:: Records supplied

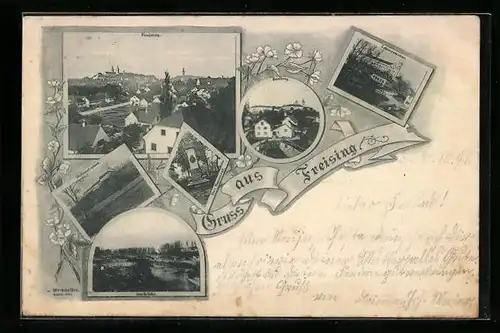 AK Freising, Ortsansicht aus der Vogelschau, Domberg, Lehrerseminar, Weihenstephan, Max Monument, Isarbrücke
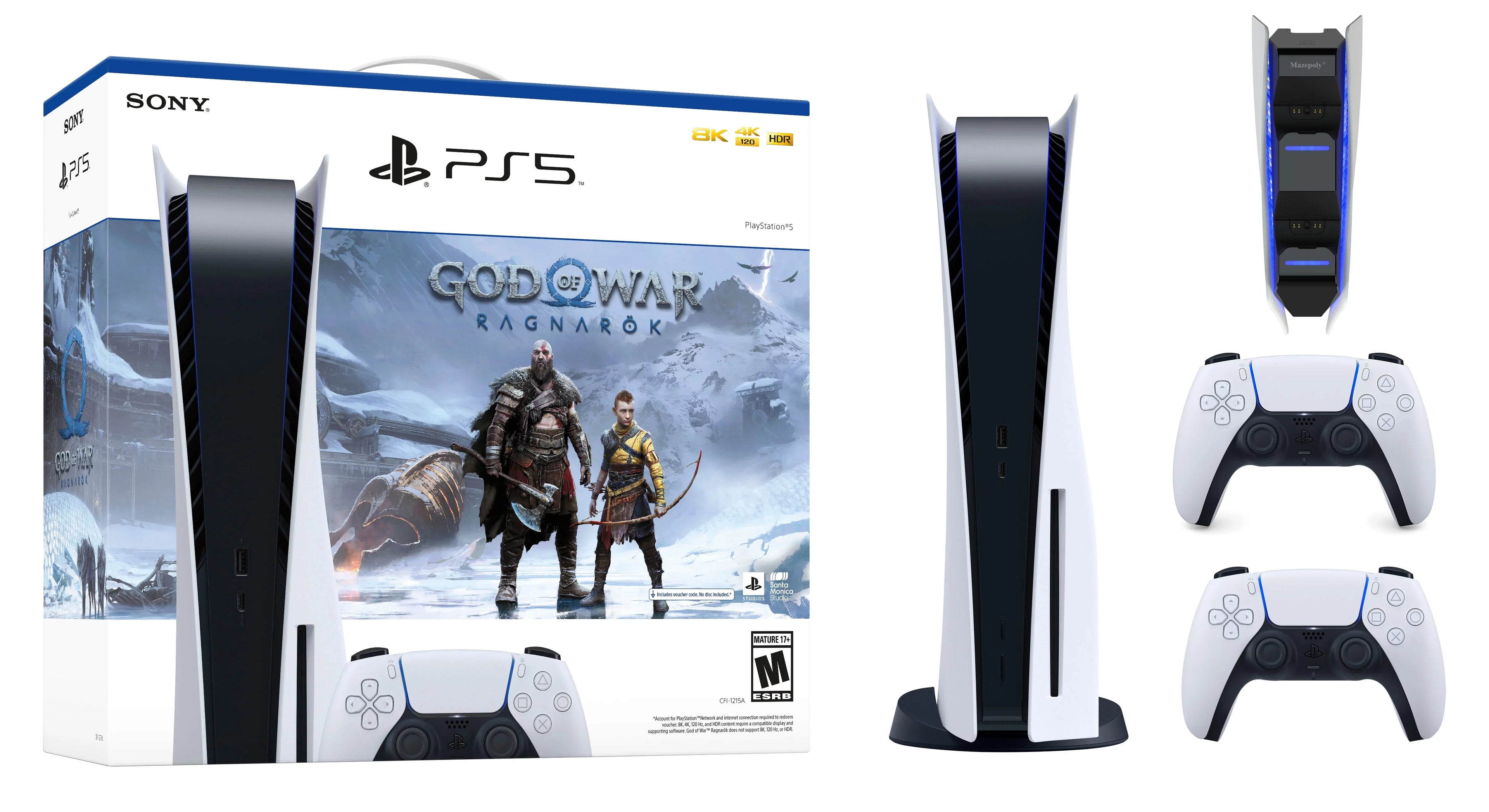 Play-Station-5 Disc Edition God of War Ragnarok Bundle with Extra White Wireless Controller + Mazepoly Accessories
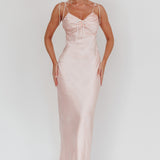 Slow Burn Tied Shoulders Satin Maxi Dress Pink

::::
:: Records supplied

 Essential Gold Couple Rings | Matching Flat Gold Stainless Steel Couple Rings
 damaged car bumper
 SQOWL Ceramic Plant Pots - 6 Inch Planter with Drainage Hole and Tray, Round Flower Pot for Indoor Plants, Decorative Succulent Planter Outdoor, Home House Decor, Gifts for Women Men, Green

::::

→ **What is being asked**: Take the line above containing "damaged car bumper", the line containing "SQOWL Ceramic Plant", and all lines in between, and copy them exactly without anything else.

→ **Exercise answer**:
 damaged car bumper
 SQOWL Ceramic Plant Pots - 6 Inch Planter with Drainage Hole and Tray, Round Flower Pot for Indoor Plants, Decorative Succulent Planter Outdoor, Home House Decor, Gifts for Women Men, Green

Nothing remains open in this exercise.